J Cardiothorac Surg. 2026 May 3. doi: 10.1186/s13019-026-04195-6. Online ahead of print.
ABSTRACT
BACKGROUND: The mortality following cardiac surgery remains high. The neutrophil-to-high-density lipoprotein cholesterol ratio (NHR) is a marker that reflects both inflammation and metabolic status, and it has shown promise in predicting outcomes across various diseases. However, the association of NHR with the outcomes in cardiac sur gery patients has not been fully validated.
METHODS: This retrospective cohort study analyzed data from the MIMIC-Ⅳ database, including 2784 patients who underwent cardiac surgery. Patients were categorized into three groups (Q1, Q2, Q3) based on the NHR value. The primary outcome was 90-day all-cause mortality. The secondary outcomes included 180-day and 360-day all-cause mortality. Kaplan-Meier survival analysis, Cox proportional hazards regression, and restricted cubic spline (RCS) analysis were employed to assess the relationship between NHR and all-cause mortality.

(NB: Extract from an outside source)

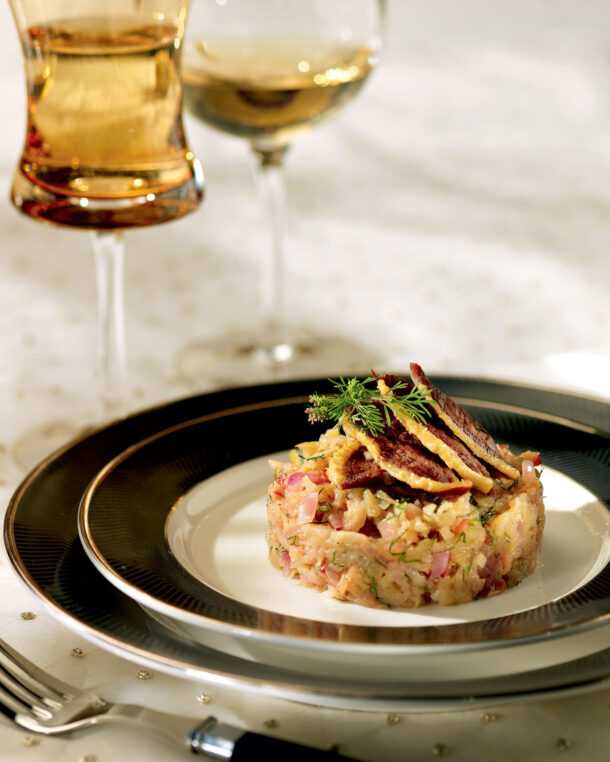 στήθος-πάπιας-καπνιστό-με-τρίμμα-μήλο-563369914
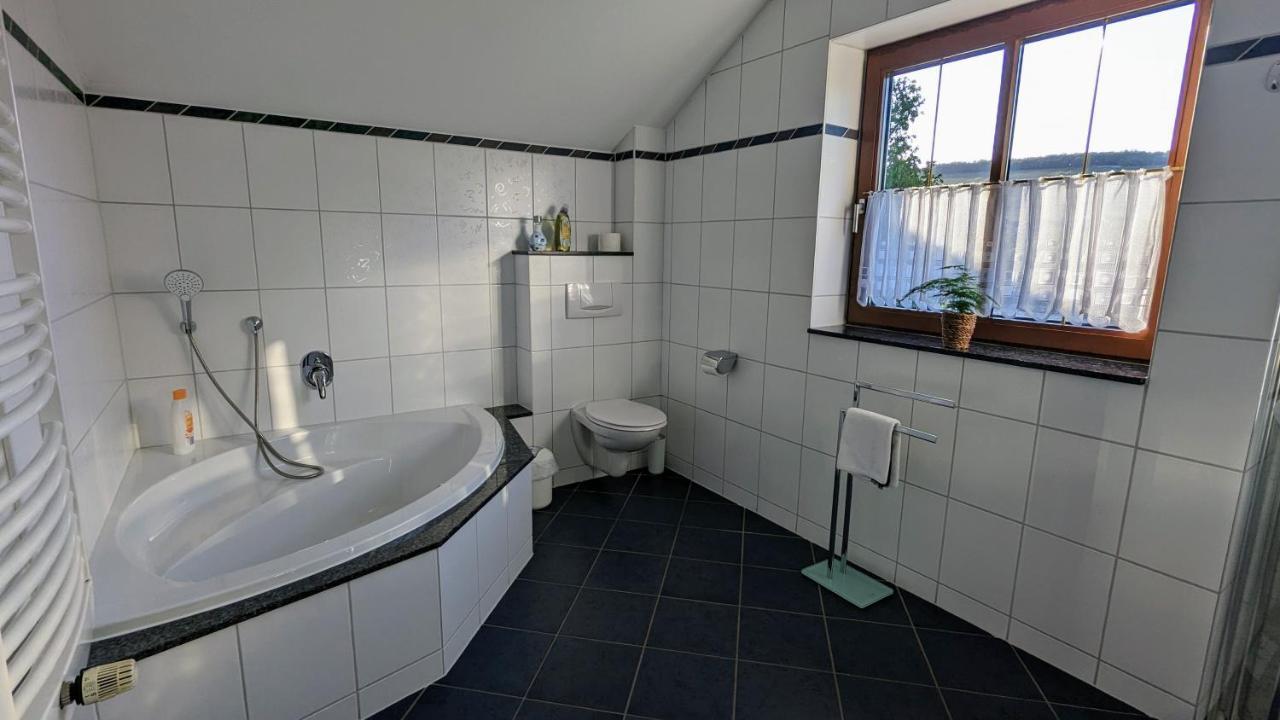 Апартаменти Haus An Der Mosel Бернкастель-Кюс Екстер'єр фото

RESULTS: A total of 2784 patients (73.10% male) were enrolled. Higher NHR index levels were associated with an increased risk of 90-day,180-day, and 360-day all-cause mortality as shown by Kaplan-Meier curves. Cox proportional hazards analysis showed that the elevated NHR index was significantly related to all-cause death. Additionally, restricted cubic spline (RCS) analysis confirmed a linear positive relationship between NHR and all-cause mortality.
CONCLUSION: NHR is significantly associated with all-cause mortality in patients undergoing cardiac surgery. As a simple and cost-effective measure, NHR can support clinicians in the early identification of high-risk patients and guide personalized postoperative management strategies. To confirm its clinical utility and improve postoperative risk assessment and patient care, further large-scale, multicenter retrospective cohort studies are needed.